YOUR ASSIGNMENT:
The answer must be the data, repeated exactly.

*** Opening DATA BELOW ***

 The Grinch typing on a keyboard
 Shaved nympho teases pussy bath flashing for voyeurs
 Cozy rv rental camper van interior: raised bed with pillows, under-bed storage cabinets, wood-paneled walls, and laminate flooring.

*** Closing DATA BELOW ***

ANSWER TO THIS PROBLEM:
 The Grinch typing on a keyboard
 Shaved nympho teases pussy bath flashing for voyeurs
 Cozy rv rental camper van interior: raised bed with pillows, under-bed storage cabinets, wood-paneled walls, and laminate flooring.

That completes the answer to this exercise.